Captioned web images:
--- START ---

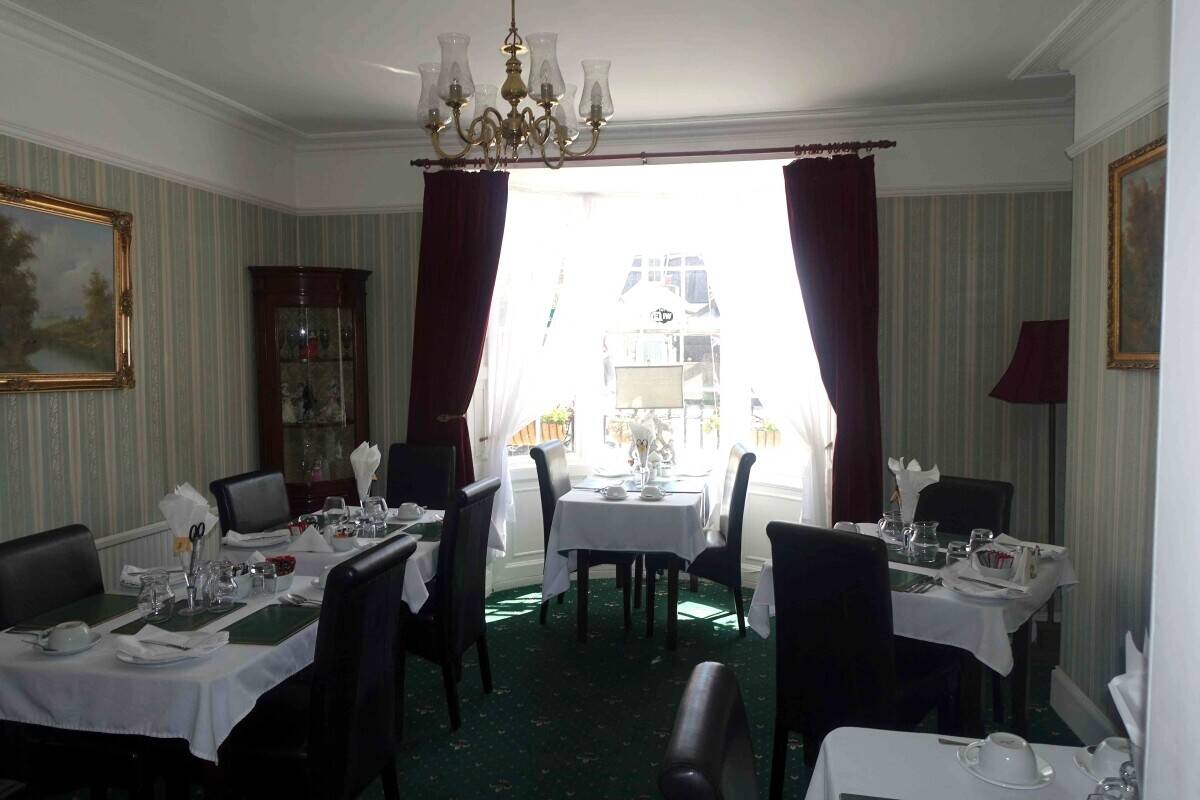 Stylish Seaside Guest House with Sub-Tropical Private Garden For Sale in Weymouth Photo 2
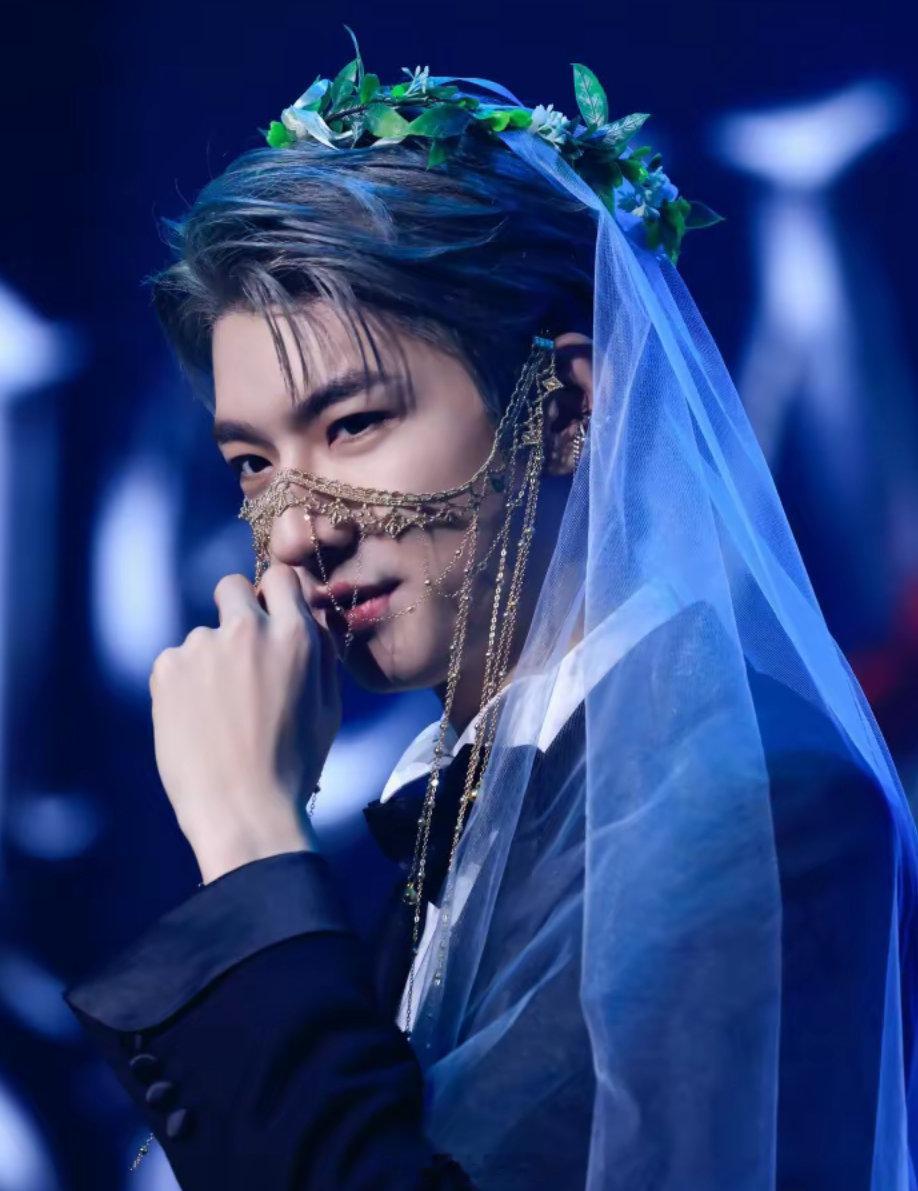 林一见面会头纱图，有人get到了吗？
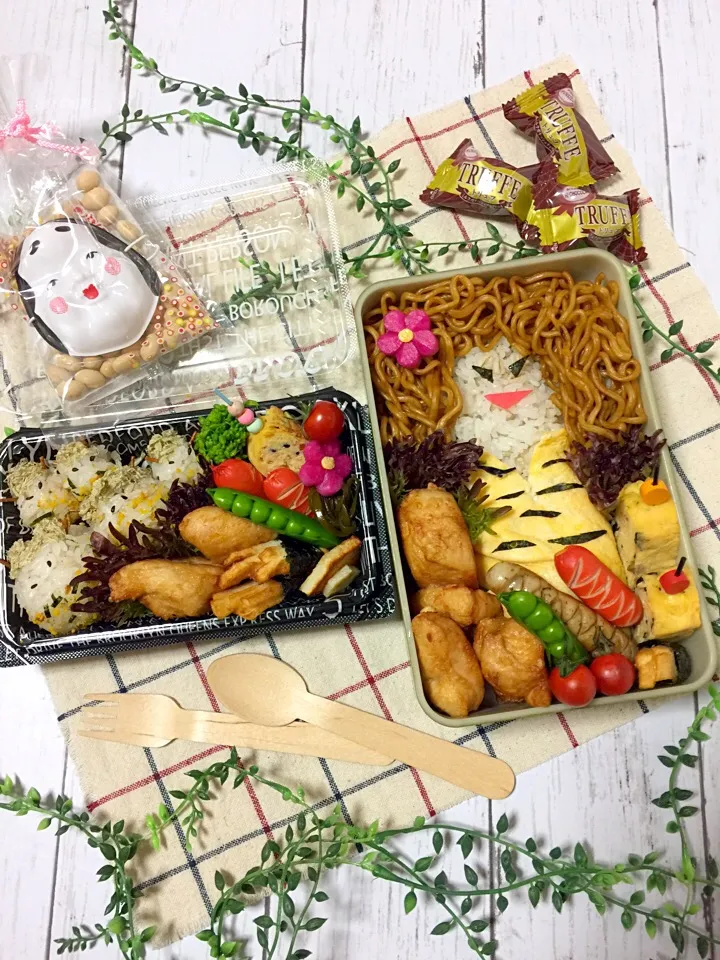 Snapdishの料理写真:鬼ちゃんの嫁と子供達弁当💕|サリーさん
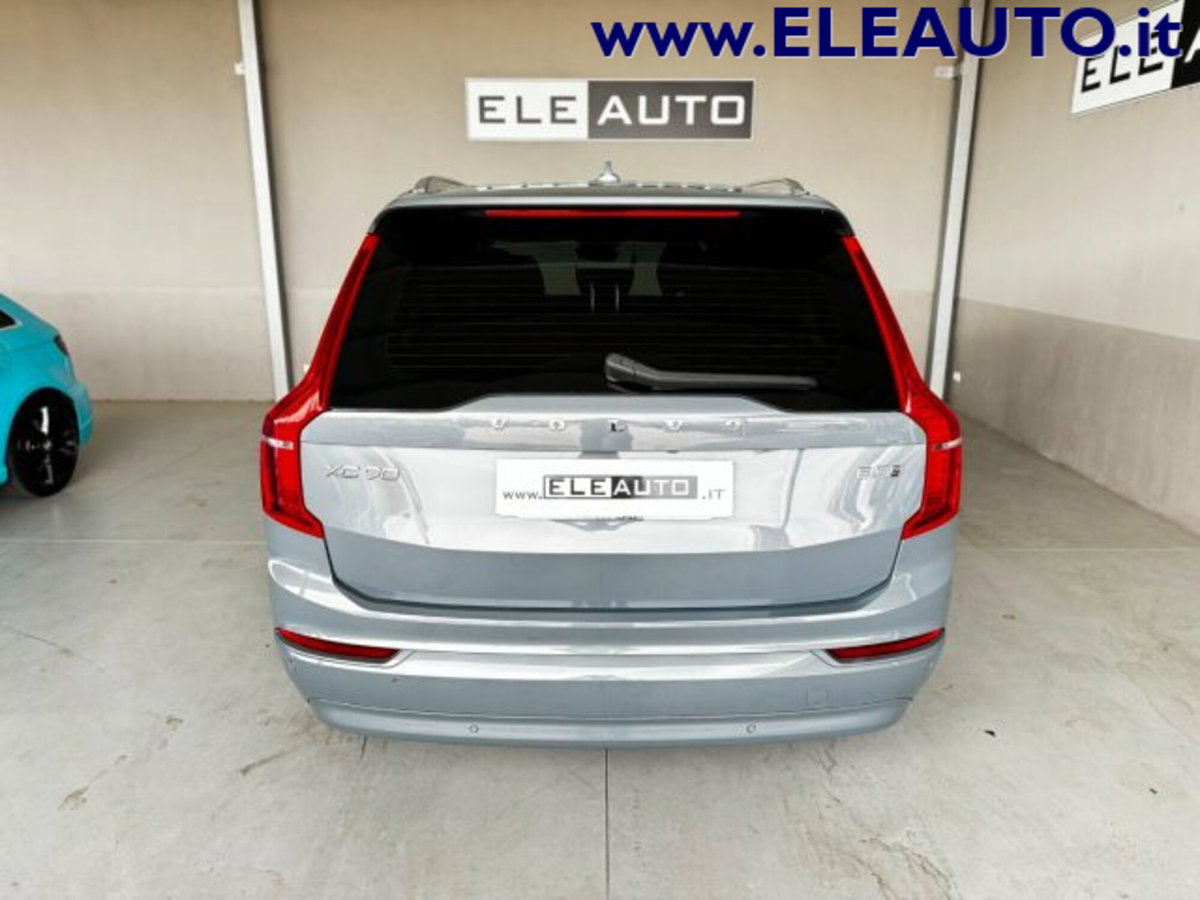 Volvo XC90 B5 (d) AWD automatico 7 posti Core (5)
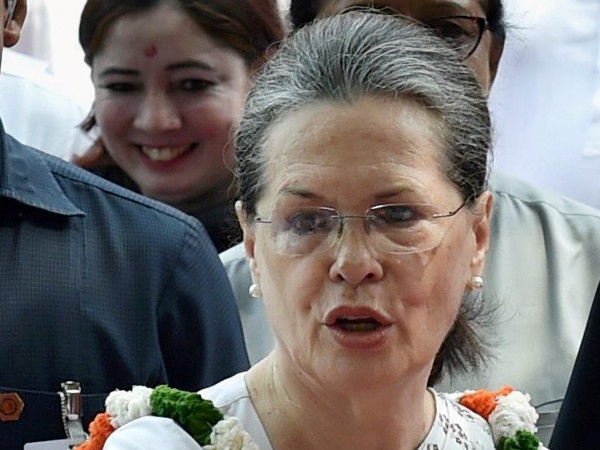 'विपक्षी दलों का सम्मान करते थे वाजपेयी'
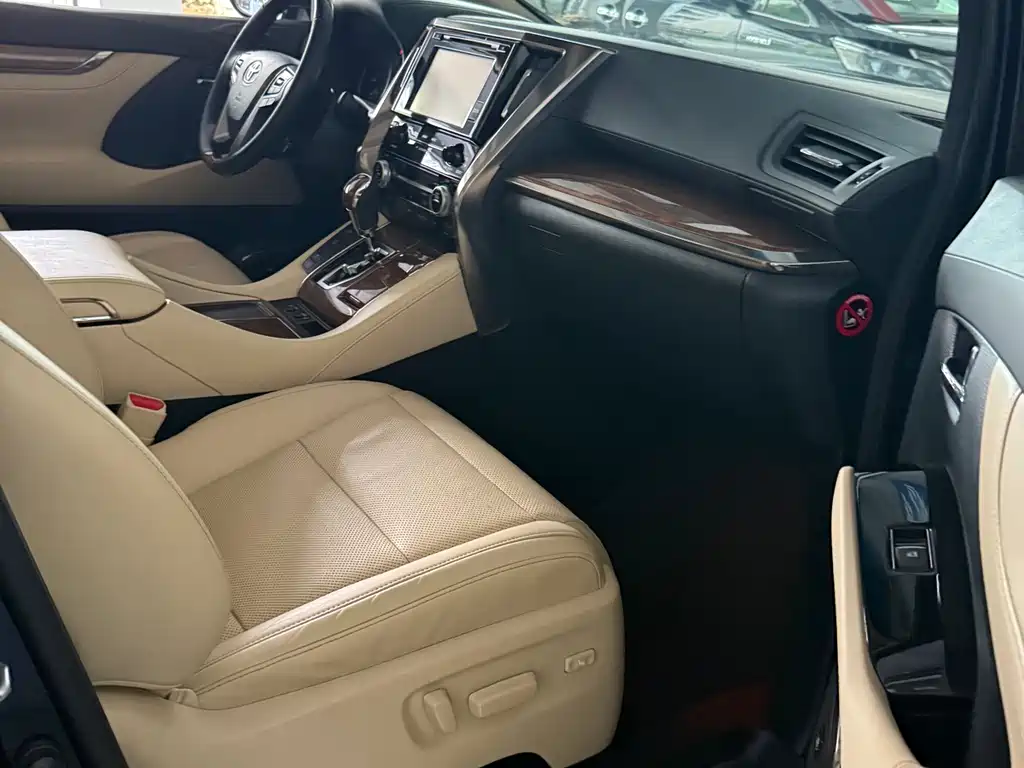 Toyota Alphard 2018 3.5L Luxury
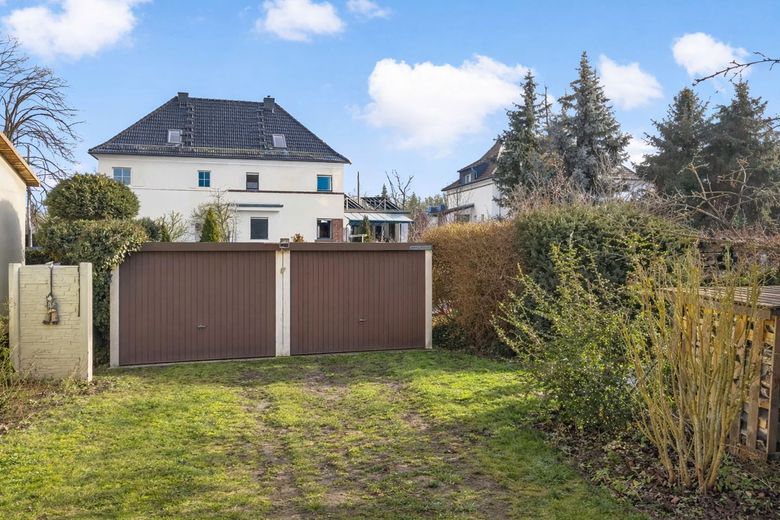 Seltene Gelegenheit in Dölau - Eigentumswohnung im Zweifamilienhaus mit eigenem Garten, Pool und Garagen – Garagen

--- END ---

→ Exercise description
Skip the pictures. Return exactly the lines from the one containing "Toyota Alphard 2018 3.5L Luxury" through the end of the data above, both included, and nothing besides.

→ Reply
 Toyota Alphard 2018 3.5L Luxury
 Seltene Gelegenheit in Dölau - Eigentumswohnung im Zweifamilienhaus mit eigenem Garten, Pool und Garagen – Garagen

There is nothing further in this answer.